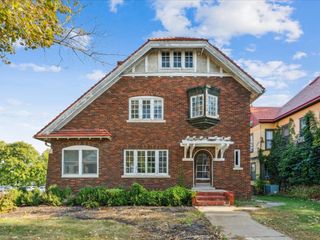 419 2nd St SW, Mt Vernon, IA 52314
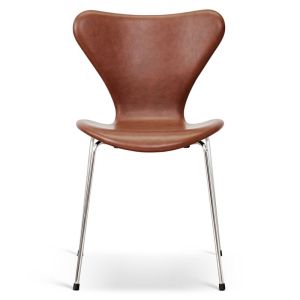 Syveren, Syver stolen, 3107 eller 7'er stolen er designet af Arne Jacobsen. Modellen er af formspændt krydsfinér og stel af forkromet stålrør.
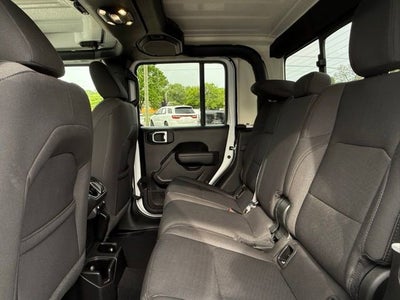 2022 Jeep Gladiator Altitude 4x4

**Work order**
What you return should be the whole listing, word for word, without its pictures.

**Task answer**
 419 2nd St SW, Mt Vernon, IA 52314
 Syveren, Syver stolen, 3107 eller 7'er stolen er designet af Arne Jacobsen. Modellen er af formspændt krydsfinér og stel af forkromet stålrør.
 2022 Jeep Gladiator Altitude 4x4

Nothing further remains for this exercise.